Phrase grounding data:
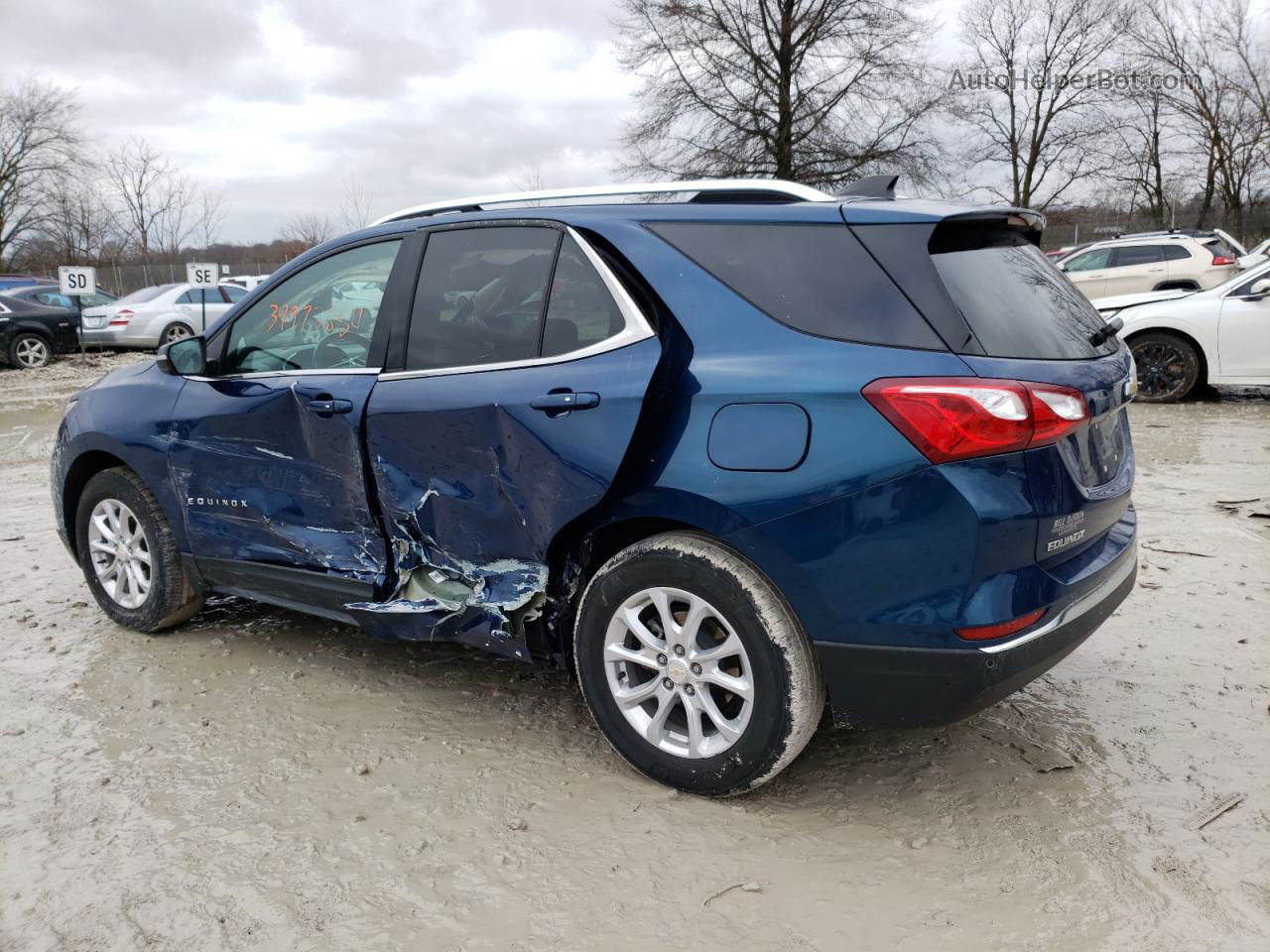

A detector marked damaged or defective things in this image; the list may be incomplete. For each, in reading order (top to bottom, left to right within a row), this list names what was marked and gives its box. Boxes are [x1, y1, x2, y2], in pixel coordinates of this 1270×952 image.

damaged rear door [169, 237, 414, 611]
damaged rear door [355, 223, 660, 654]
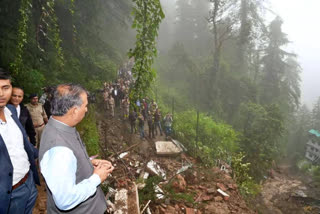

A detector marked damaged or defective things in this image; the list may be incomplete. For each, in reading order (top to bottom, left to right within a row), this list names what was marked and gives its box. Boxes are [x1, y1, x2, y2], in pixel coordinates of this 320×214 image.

broken concrete slab [147, 160, 166, 180]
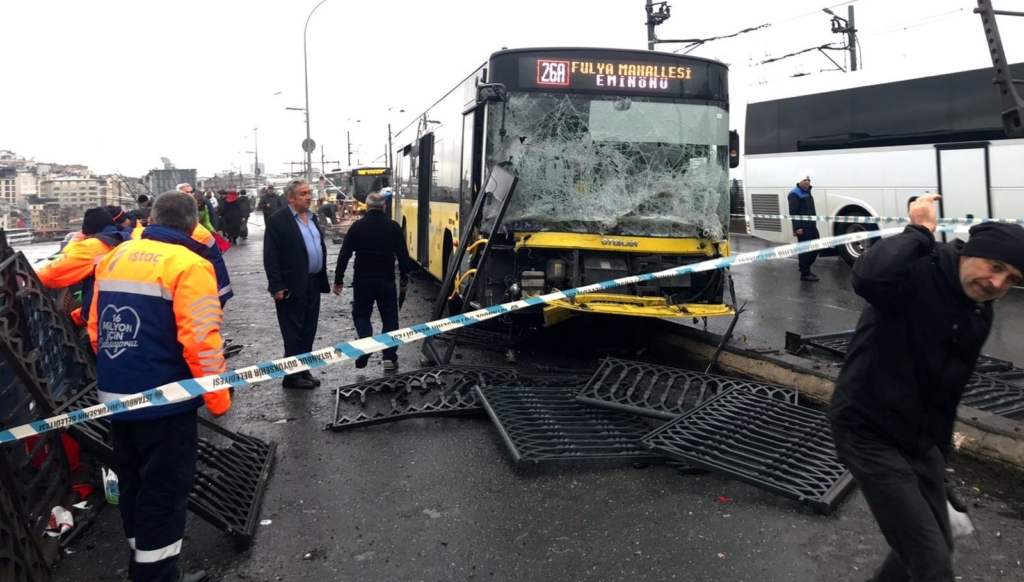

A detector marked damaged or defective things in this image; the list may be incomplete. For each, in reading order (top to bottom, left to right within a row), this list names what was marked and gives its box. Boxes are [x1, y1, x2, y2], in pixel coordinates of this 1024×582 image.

• [REQUIRED WORK]: A verbatim copy of all the records, minus the pictures, is the expected answer.

• [YOUR SOLUTION]:
A detector marked damaged or defective things in this image; the list may be incomplete. For each, in reading order (top to bottom, left to right within a row), this list names what was marked and gives its box. Boxes are [x1, y1, x2, y2], in pixel coordinates of this 1270×952 image.

damaged rear door [169, 237, 414, 611]
damaged rear door [355, 223, 660, 654]

A detector marked damaged or defective things in this image; the list may be incomplete. For each, in reading order (top to bottom, left to right within a row), this list names what was marked and gives its box. Boxes are [x1, y1, x2, y2], in pixel coordinates of this 320×214 image.

broken concrete slab [147, 160, 166, 180]

A detector marked damaged or defective things in this image; the list may be incomplete. For each, in reading order (top to bottom, left to right within a row), this list names what was marked and gives its box. Boxes are [x1, y1, x2, y2], in pixel coordinates of this 1024×582 image.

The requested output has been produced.